Walk outside and stand 100 feet in front of Peter Luger. That’s how I stole cabs from suit-and-tie steak eaters waiting for a ride back to Manhattan. I should’ve walked it off.

Rating: *

The Bloomberg Questions

Cost? Almost everything’s under $20.

Sound level? About 75-80 decibels.

Date place? Yes.

Inside tip? Clams sit in a bacon-yuzu-curry-chili broth. The soup begs to be mopped up with the accompanying toast.

Special feature? Chili chocolate bars for dessert.

Will I be back? More often to Fatty Crab in Manhattan.

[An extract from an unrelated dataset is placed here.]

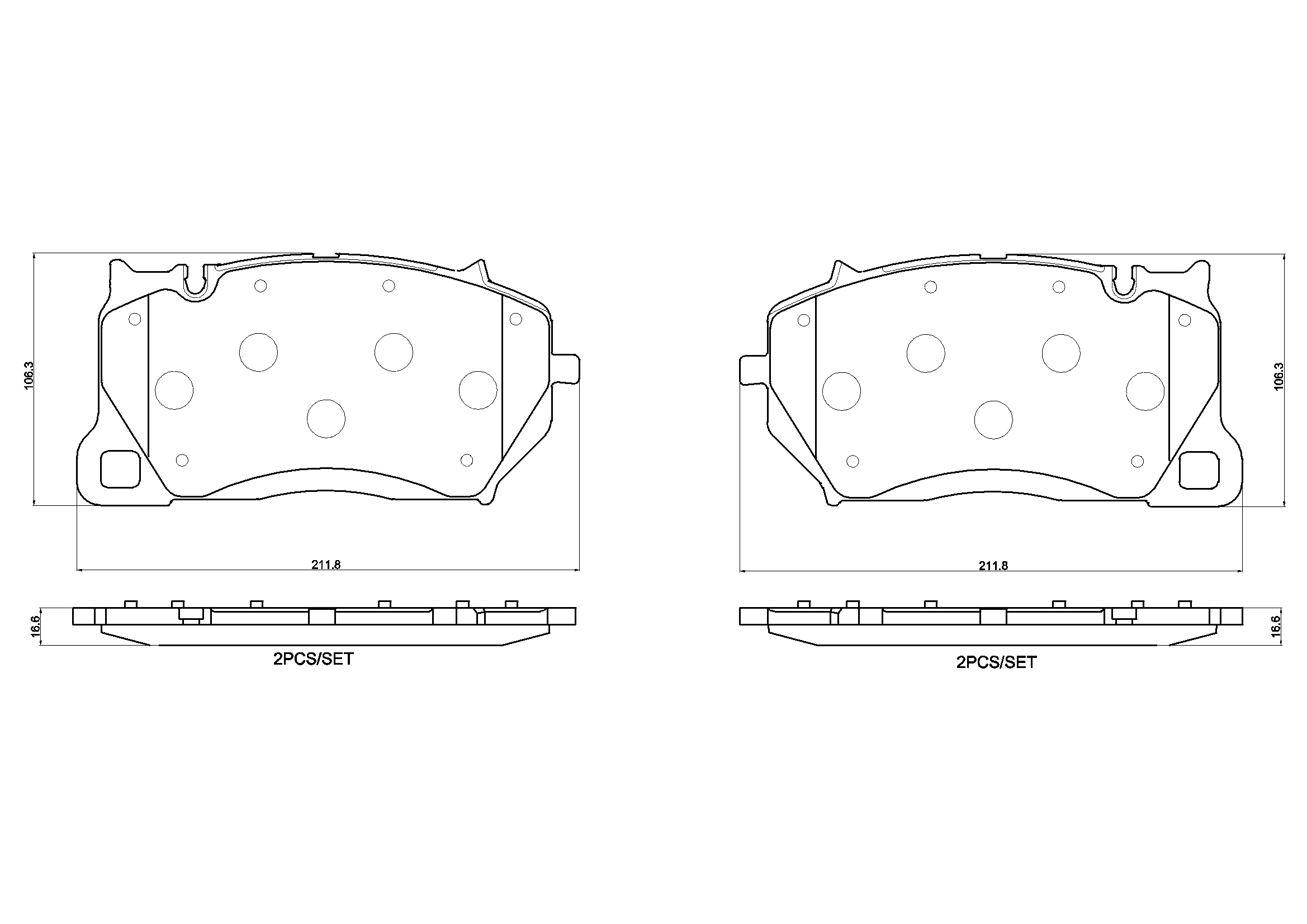 P65057 Brembo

Fatty ‘Cue is at 91 South Sixth St, between Bedford and Berry. Information: +1-718-599-3090 or

What the Stars Mean:

****         Incomparable food, service, ambience.
***          First-class of its kind.
**           Good, reliable.
*            Fair.
No stars     Poor.

Sound-Level Chart (in decibels):

51 to 55: Church on a weekday. 56 to 60: The vegetable aisle at the Food Emporium. 61 to 65: Keyboards clacking at the office. 66 to 70: My alarm clock when it goes off inches from my ear. 71 to 75: Corner deli at lunchtime. 76 to 80: Back of a taxi with advertisements at full volume. 81 to 85: Loud, crowded subway with announcements.

(Ryan Sutton writes about New York City restaurants for Muse, the arts and leisure section of Bloomberg News. The opinions expressed are his own.)